GIVEN INFORMATION:
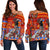 African Print Pattern Off Shoulder Sweatshirt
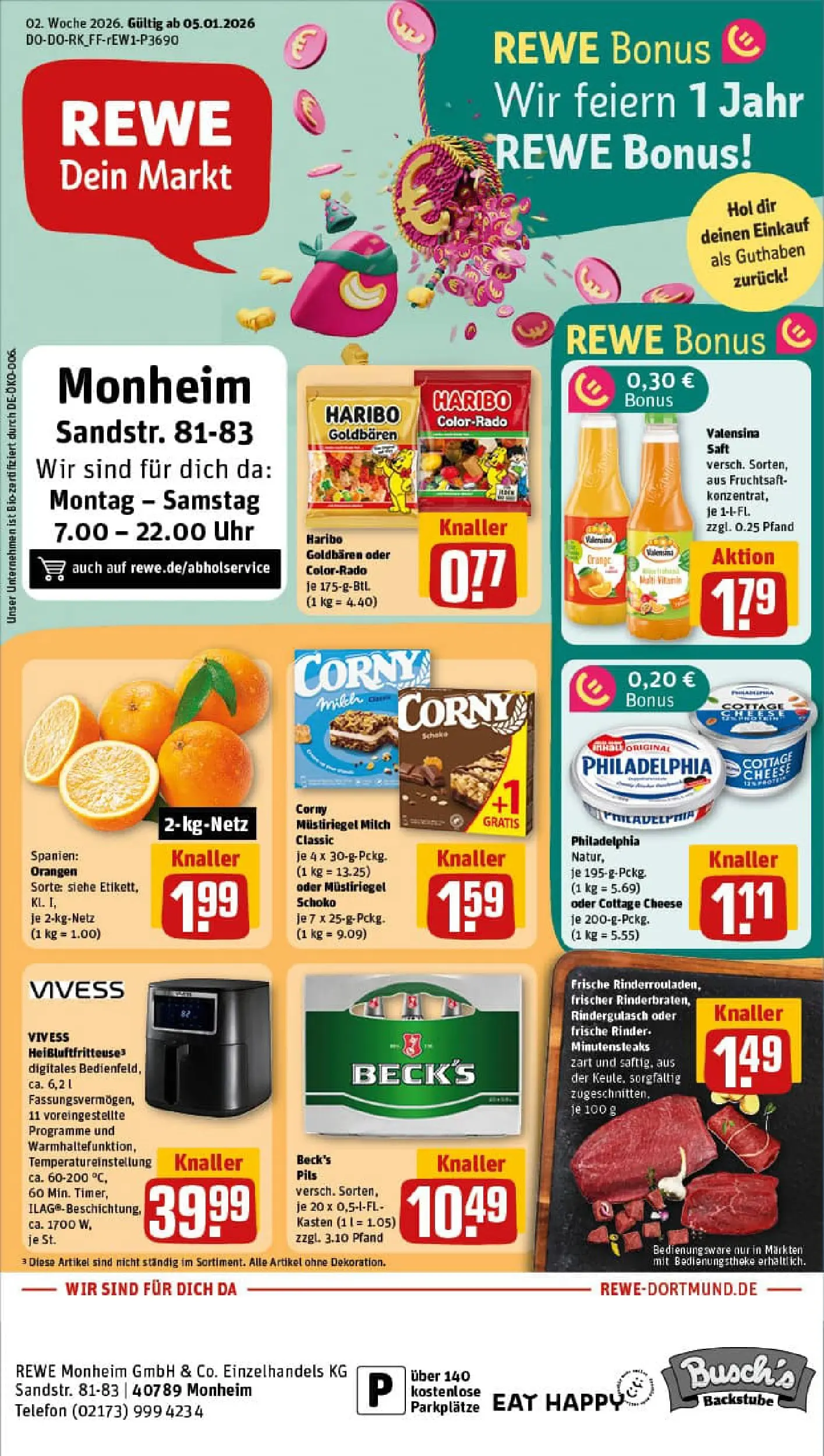 REWE Prospekt ab 04.01.2026 zum Blättern » Angebote | Seite: 1 | Produkte: Rindergulasch, Haribo, Milch, Saft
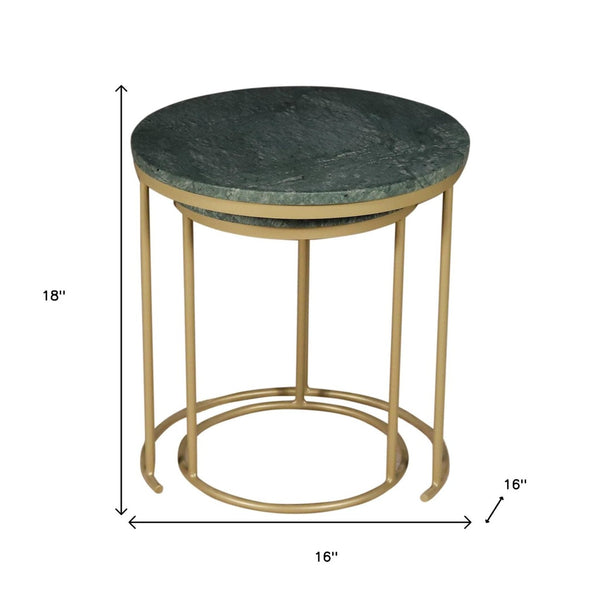 HomeRoots Set of Two Elegant Green Marble and Gold Metal Nested Tables for Modern Home Décor and Functionality 632676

ABOUT THIS TASK: Reproduce the whole of the data, word for word, and omit its pictures.

THE ANSWER:
 African Print Pattern Off Shoulder Sweatshirt
 REWE Prospekt ab 04.01.2026 zum Blättern » Angebote | Seite: 1 | Produkte: Rindergulasch, Haribo, Milch, Saft
 HomeRoots Set of Two Elegant Green Marble and Gold Metal Nested Tables for Modern Home Décor and Functionality 632676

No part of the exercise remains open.